Erst mal vorweg sei gesagt, dass ich mein Mitgefühl auch nachträglich noch mal den Opfern von Winneden und deren Angehörigen zusichern möchte.
Aber hier sieht man mal wieder das typische suchen nach Sündenböcken - stets sind PC-Spiele das Ziel Nummer 1, wenn "das Kind in den Brunnen gefallen" ist. Sicherlich mögen Spiele einen gewissen Einfluss auf den Spielenden haben, aber kein mir bekanntes Spiel sagt ausdrücklich: "Geh da raus und knall' die Typen in deiner Schule ab!" - Killerspiele haben auch durchaus Storys - man schlüpft in einer Rolle und vollführt etwas, was so im "normalen" Leben nicht denkbar wäre - sehen wir uns Crysis als Beispiel an.

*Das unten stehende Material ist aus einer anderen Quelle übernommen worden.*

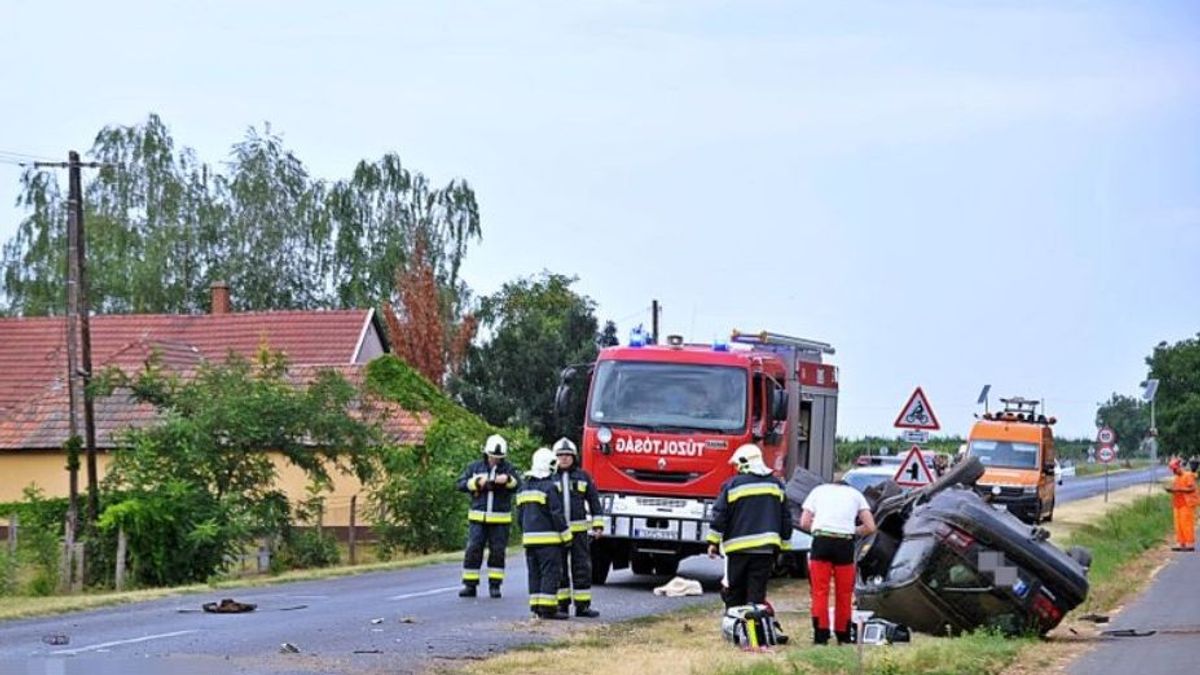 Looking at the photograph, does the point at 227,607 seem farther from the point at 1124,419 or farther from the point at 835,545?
the point at 1124,419

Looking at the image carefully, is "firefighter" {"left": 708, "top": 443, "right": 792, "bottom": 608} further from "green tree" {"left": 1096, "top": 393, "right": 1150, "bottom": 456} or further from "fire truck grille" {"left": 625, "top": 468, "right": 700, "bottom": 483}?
"green tree" {"left": 1096, "top": 393, "right": 1150, "bottom": 456}

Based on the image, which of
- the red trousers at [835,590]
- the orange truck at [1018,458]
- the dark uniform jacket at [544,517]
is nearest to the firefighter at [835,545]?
the red trousers at [835,590]

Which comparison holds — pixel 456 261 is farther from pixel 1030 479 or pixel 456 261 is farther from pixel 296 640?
pixel 296 640

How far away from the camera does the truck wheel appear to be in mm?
26438

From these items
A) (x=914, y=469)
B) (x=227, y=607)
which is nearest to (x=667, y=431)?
(x=914, y=469)

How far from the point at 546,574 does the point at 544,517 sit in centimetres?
54

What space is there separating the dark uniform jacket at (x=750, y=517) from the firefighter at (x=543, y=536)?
255cm

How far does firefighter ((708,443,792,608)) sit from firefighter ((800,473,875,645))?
0.40 meters

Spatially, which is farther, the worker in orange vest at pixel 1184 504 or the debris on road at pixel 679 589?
the worker in orange vest at pixel 1184 504

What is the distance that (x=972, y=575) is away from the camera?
17.0m

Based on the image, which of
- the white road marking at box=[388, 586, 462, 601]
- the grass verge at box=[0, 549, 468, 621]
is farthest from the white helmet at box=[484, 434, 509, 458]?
the grass verge at box=[0, 549, 468, 621]

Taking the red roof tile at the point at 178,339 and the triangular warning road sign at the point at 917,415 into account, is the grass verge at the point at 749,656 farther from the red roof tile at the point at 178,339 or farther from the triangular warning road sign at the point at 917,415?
the red roof tile at the point at 178,339

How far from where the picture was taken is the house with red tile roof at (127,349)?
168ft

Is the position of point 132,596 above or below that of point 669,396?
below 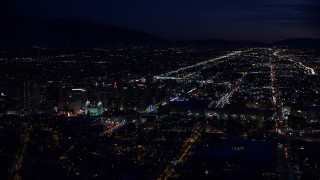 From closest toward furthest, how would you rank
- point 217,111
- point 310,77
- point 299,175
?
point 299,175, point 217,111, point 310,77

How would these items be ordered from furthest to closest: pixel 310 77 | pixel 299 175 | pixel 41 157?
1. pixel 310 77
2. pixel 41 157
3. pixel 299 175

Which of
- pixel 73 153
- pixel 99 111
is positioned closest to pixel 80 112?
pixel 99 111

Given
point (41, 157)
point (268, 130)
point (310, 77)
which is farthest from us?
point (310, 77)

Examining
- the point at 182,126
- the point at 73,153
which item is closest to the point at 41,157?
the point at 73,153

Man schlüpft in die Rolle eines Supersoldaten, man wird ausgesandt, Menschen zu RETTEN -> Wenn auch mit Waffengewalt - doch der Zweck braucht natürlich auch Mittel und da man nicht einfach hingehen und sagen kann: "Hey, her mit den Geiseln, sonst gibt's keinen Kuchen mehr!" - das entbehrt sich jeglicher Logik, und braucht auch nicht weiter diskutiert zu werden. Sicherlich, man mag weitreichende Möglichkeiten haben, seine Feinde zu vernichten - doch wenn man sich vorstellt an der Stelle des Protagonisten zu sein, im Falle Crysis eben der Soldat "Nomad" - würde man dann anders agieren? Der Feind schießt ohne Warnung auf dich und du willst einfach nur vorran und die Geiseln retten - ergo musst du dich deiner Haut erwehren. Was daran "Gewaltverherrlichend" - sowieso ein vielgebrauchtes Wort - sein soll, entzieht sich mir. Gewaltverherrlichend würde für mich bedeuten, dass man für das Töten eines Feindes belohnt wird, insbesondere ohne Grund oder wenn alá SAW - heißt, aus irgendwelchen Perfiden Gründen. Was mich dazu bringt, dass die Ursache dieses Problems viel mehr in der Psyche des Täters liegt, der mit gewissen Umständen nicht umgehen kann. Gewalt mag ein Ventil sein, doch wer kann mit Fug und Recht behaupten, dass es IMMER in sowas mündet? Ich spiele seit Jahren, auch spiele, die mancher als "Gewaltverherrlichend" bezeichnen möchte. Dennoch hege ich keine Gedanken daran, meine Umwelt zu zerstören, zu verletzen, zu misstalten - im Gegenteil, ich würde sogar alles daran setzen, dass das nicht geschieht.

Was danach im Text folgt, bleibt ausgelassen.